## Records for the exercise
########################################

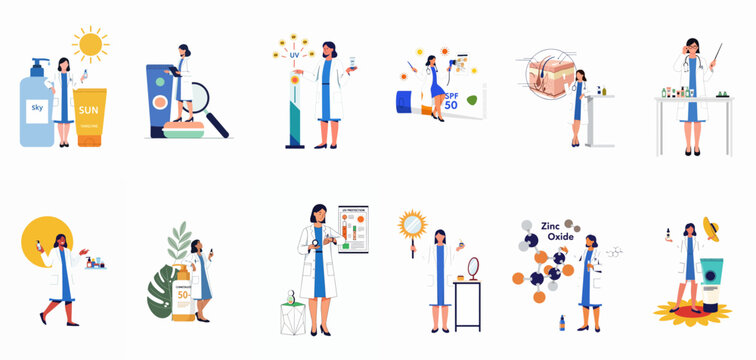 Set of female dermatologists and scientists explaining sun protection, UV radiation effects, and sunscreen benefits for healthy skin care.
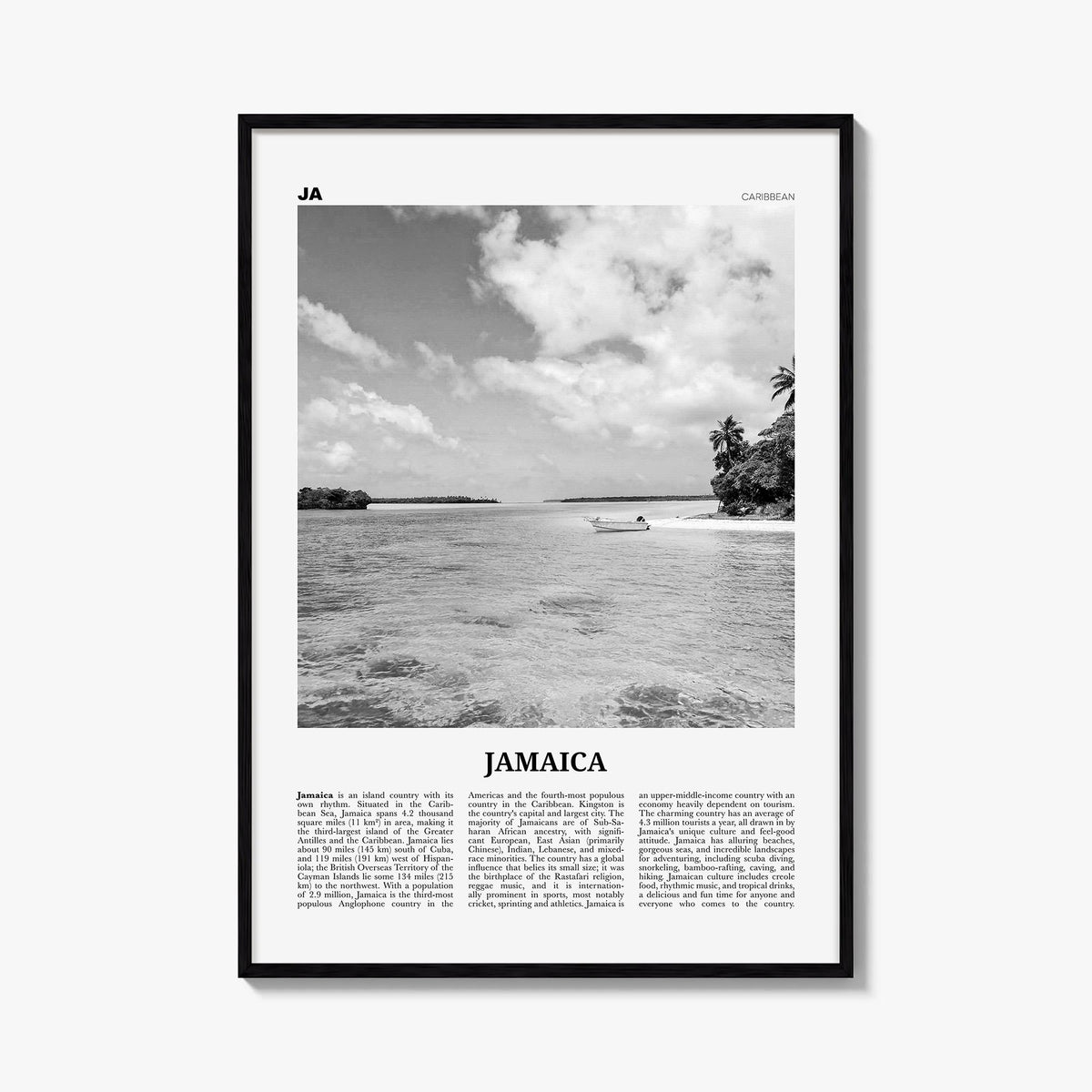 Jamaica no. 1 black & white newspaper poster of Caribbean – vertical wall art, unframed print shown in interior mockup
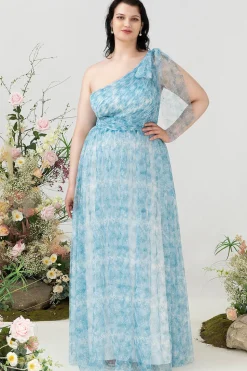 Azul Estampado Um Ombro Tamanho Grande Vestido de Festa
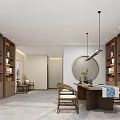 Traditional Chinese Tea Room Interior With Wooden Shelves Tea Sets Round Mirror And Green Plant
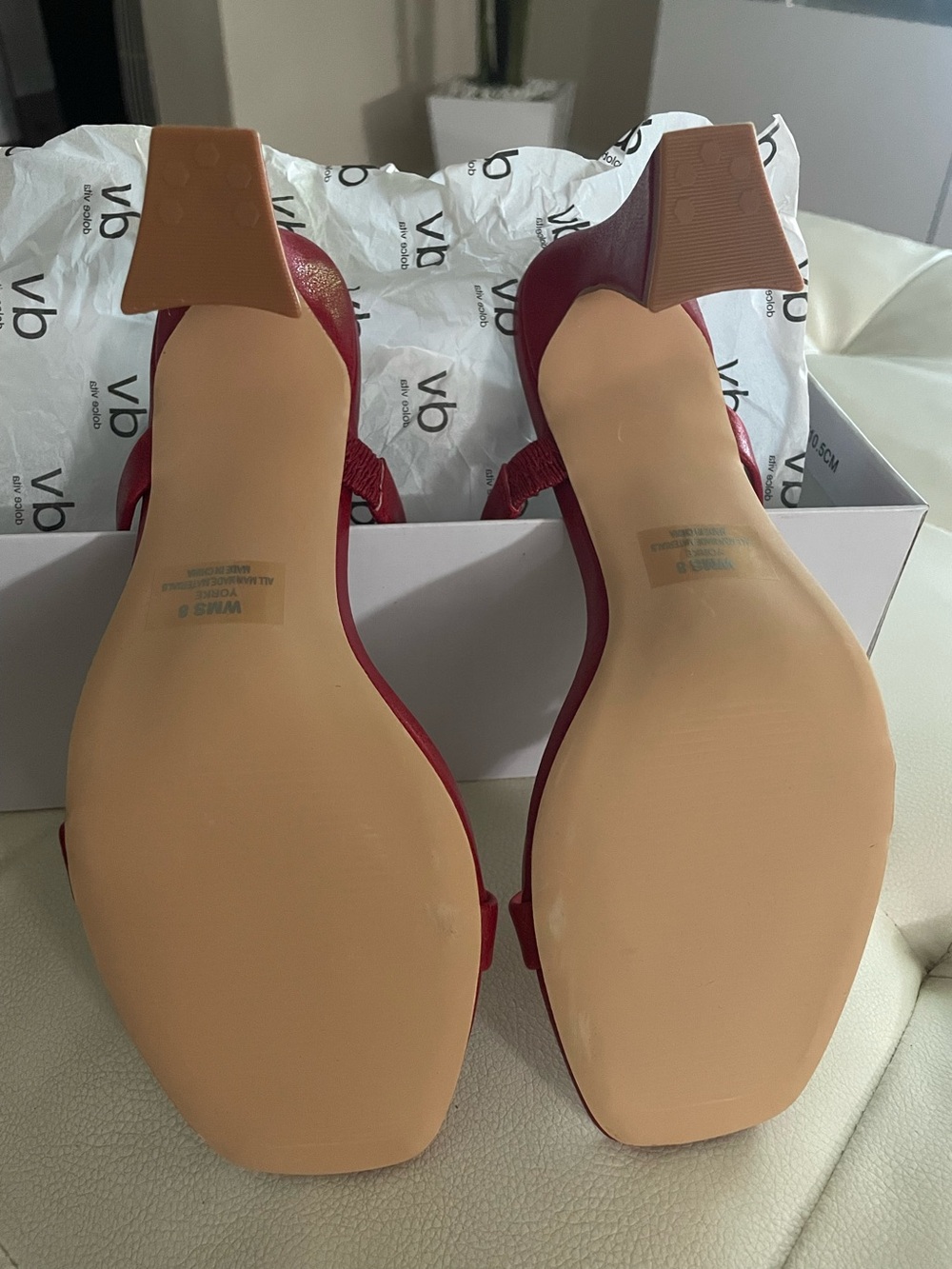 Dolce Vita Cherry Red Double-Strap Block Heel Sandals - Picture 12 of 12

########################################

## Problem requirements
The answer must be the full listing, restated word for word, with no pictures in it.

## Output of the task
 Set of female dermatologists and scientists explaining sun protection, UV radiation effects, and sunscreen benefits for healthy skin care.
 Jamaica no. 1 black & white newspaper poster of Caribbean – vertical wall art, unframed print shown in interior mockup
 Azul Estampado Um Ombro Tamanho Grande Vestido de Festa
 Traditional Chinese Tea Room Interior With Wooden Shelves Tea Sets Round Mirror And Green Plant
 Dolce Vita Cherry Red Double-Strap Block Heel Sandals - Picture 12 of 12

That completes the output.